- **Required action**
Starting from the line with "This one was" and going up to and including the line with "Now we'll work", copy the listing below exactly. Leave all images out.

== Records shown

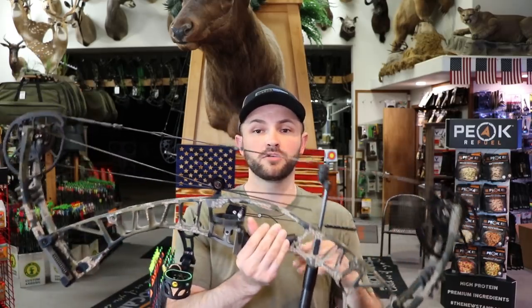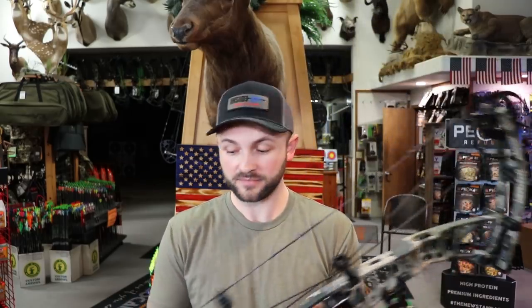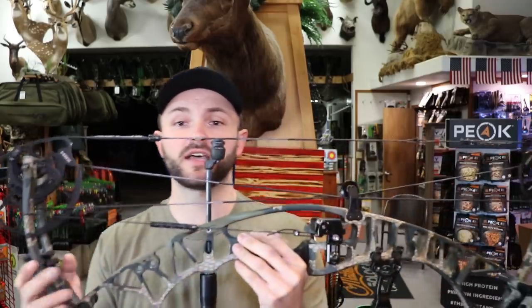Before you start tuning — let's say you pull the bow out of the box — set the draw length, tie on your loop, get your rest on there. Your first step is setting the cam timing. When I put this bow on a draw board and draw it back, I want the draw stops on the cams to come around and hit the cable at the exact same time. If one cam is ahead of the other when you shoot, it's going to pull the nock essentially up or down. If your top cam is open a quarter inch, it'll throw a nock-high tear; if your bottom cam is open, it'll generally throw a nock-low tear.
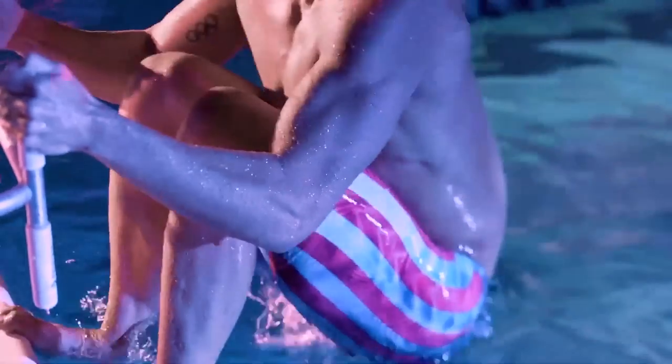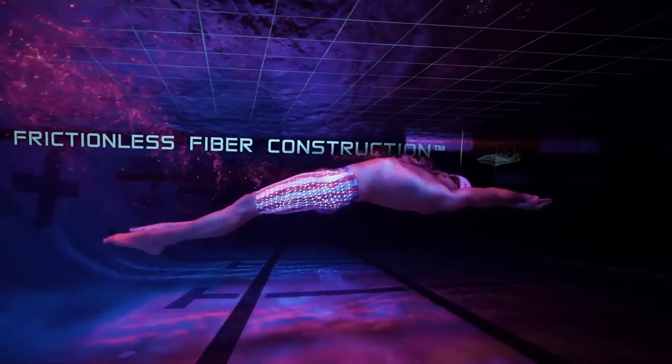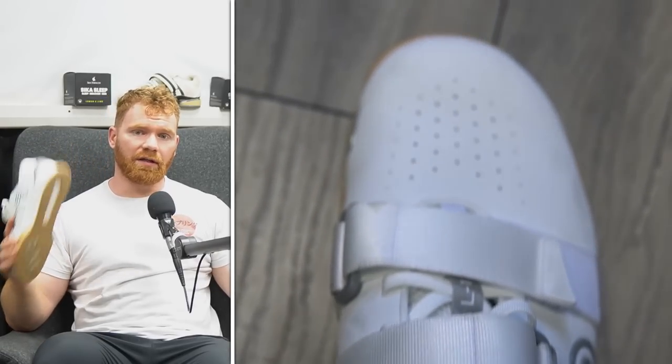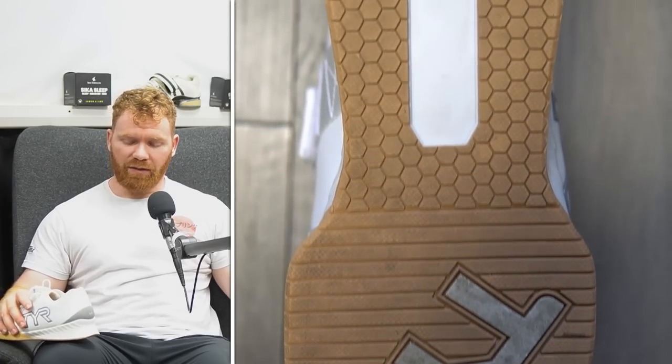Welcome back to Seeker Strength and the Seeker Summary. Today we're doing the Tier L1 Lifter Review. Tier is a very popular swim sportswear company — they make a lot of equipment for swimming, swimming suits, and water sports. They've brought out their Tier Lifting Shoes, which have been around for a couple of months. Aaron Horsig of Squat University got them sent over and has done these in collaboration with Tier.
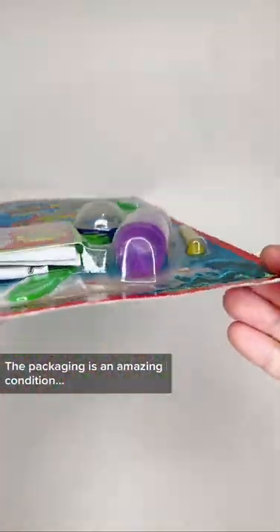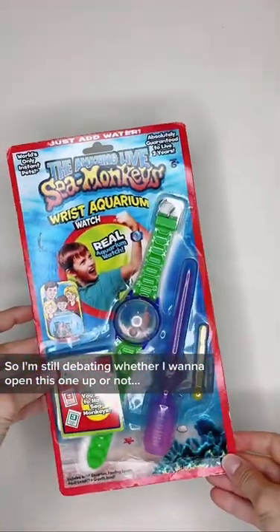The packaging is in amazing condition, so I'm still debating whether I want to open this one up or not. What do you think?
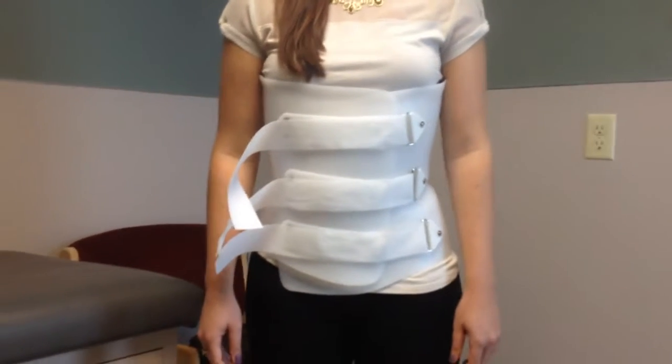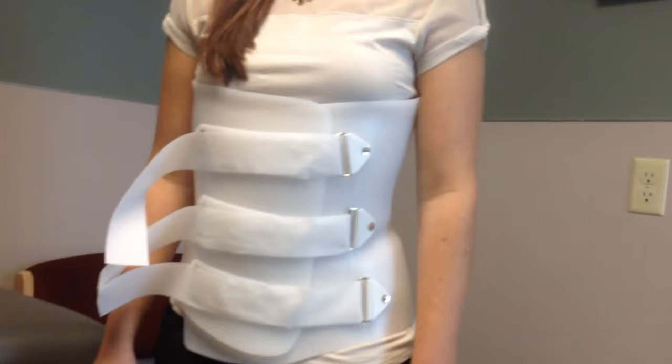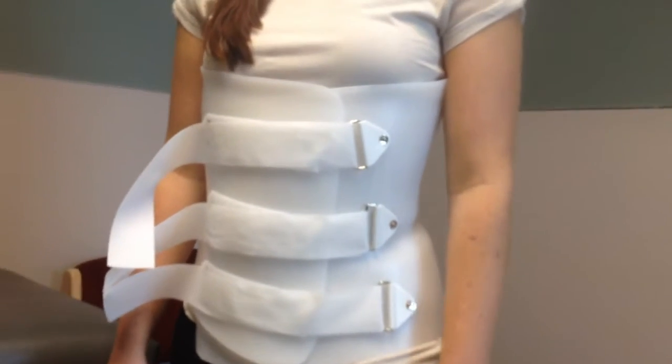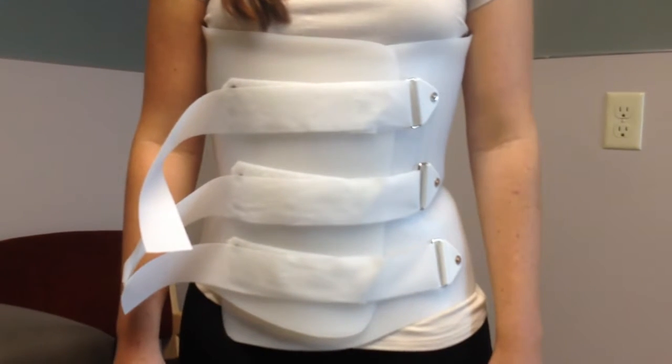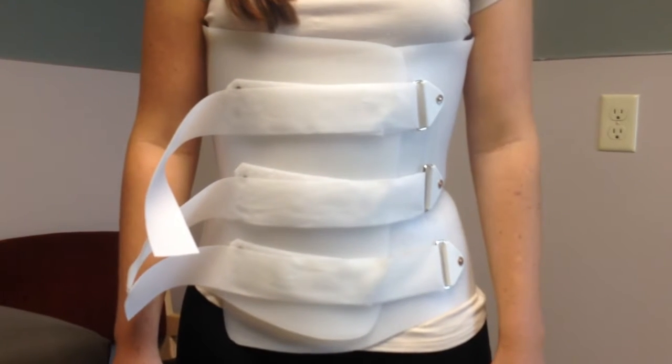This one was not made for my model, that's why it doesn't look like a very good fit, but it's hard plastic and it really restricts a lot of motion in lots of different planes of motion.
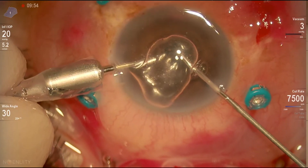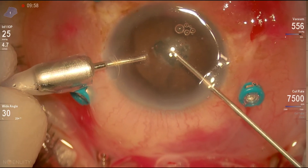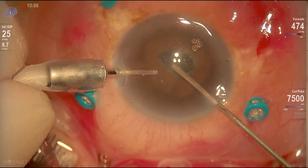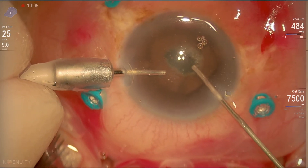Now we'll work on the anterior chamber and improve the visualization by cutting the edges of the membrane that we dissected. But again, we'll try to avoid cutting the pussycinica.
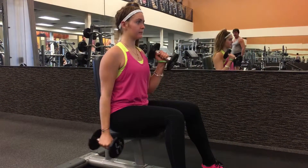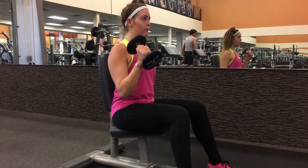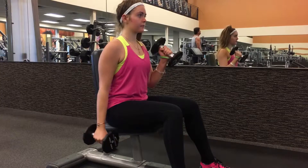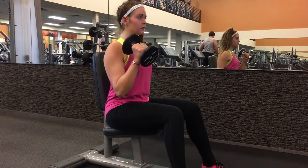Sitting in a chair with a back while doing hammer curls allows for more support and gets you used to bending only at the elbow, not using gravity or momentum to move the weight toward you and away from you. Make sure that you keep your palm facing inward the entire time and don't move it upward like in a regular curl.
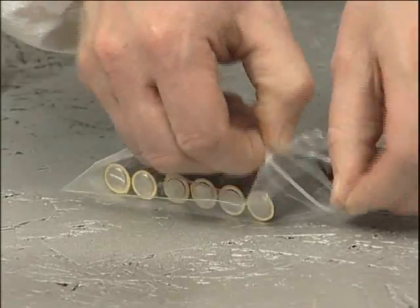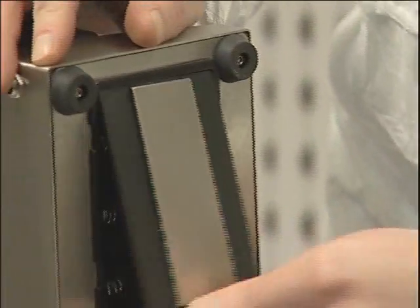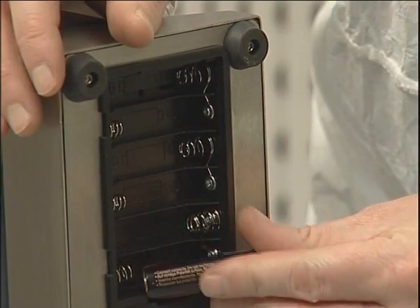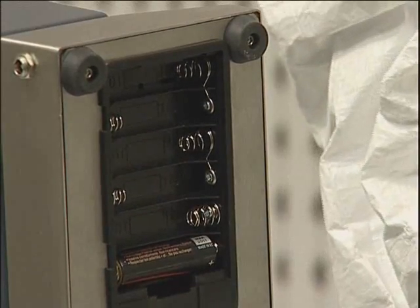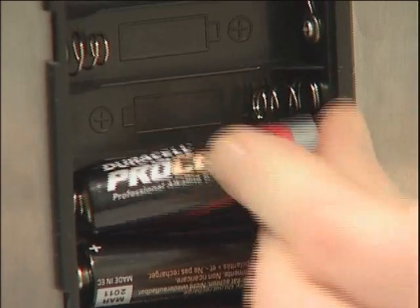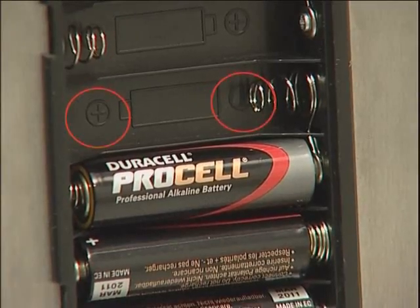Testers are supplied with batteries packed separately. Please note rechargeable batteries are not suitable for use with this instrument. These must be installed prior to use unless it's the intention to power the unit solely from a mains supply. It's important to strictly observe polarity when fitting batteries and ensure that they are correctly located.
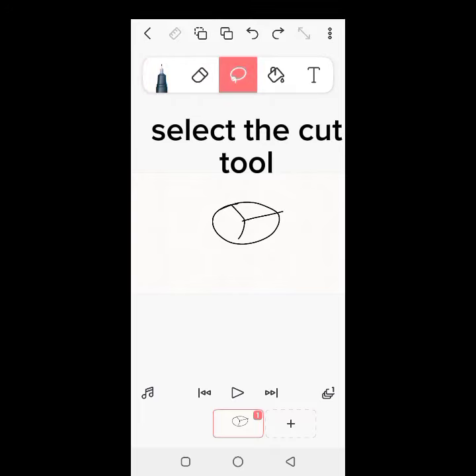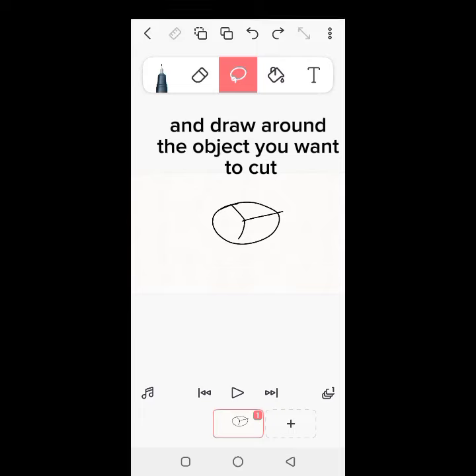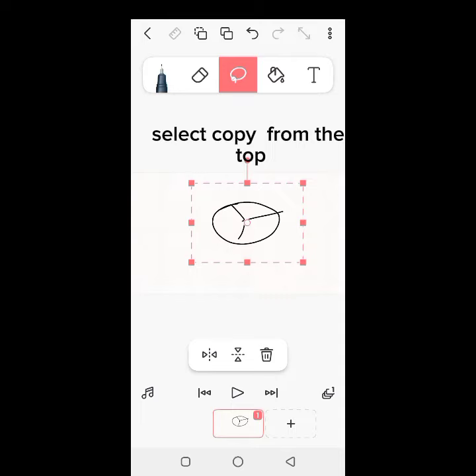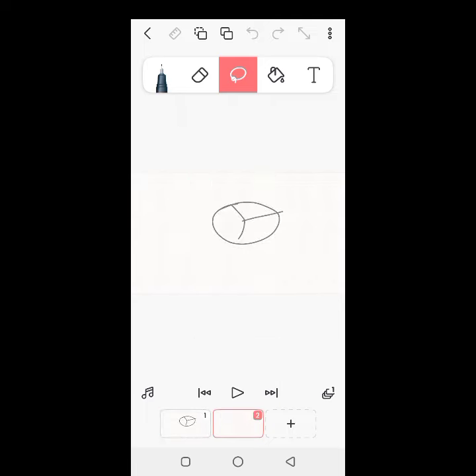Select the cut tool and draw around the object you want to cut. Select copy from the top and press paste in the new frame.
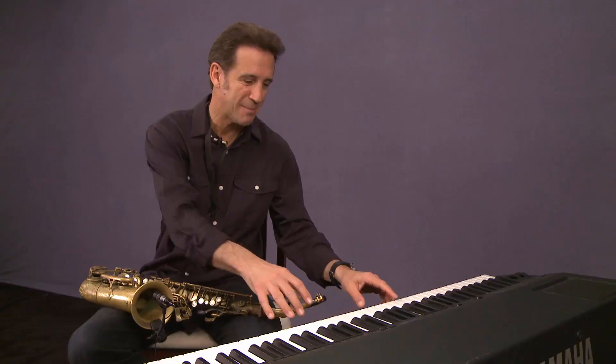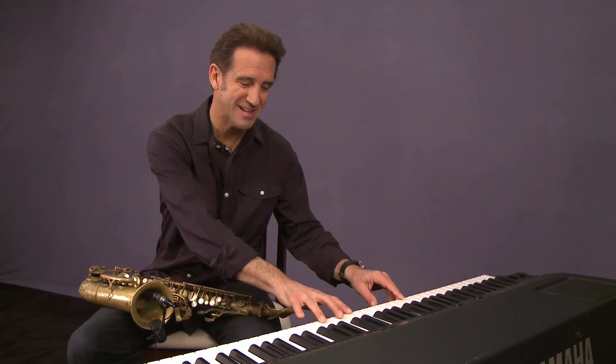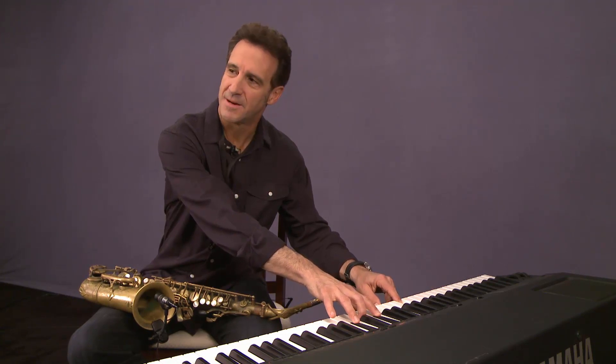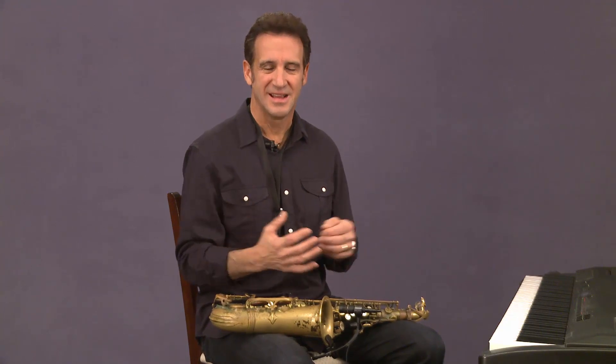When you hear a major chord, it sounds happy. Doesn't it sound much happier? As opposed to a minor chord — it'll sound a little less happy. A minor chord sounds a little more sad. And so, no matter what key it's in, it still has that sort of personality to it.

====

- **Expected answer**
This one was not made for my model, that's why it doesn't look like a very good fit, but it's hard plastic and it really restricts a lot of motion in lots of different planes of motion.
Now we'll work on the anterior chamber and improve the visualization by cutting the edges of the membrane that we dissected. But again, we'll try to avoid cutting the pussycinica.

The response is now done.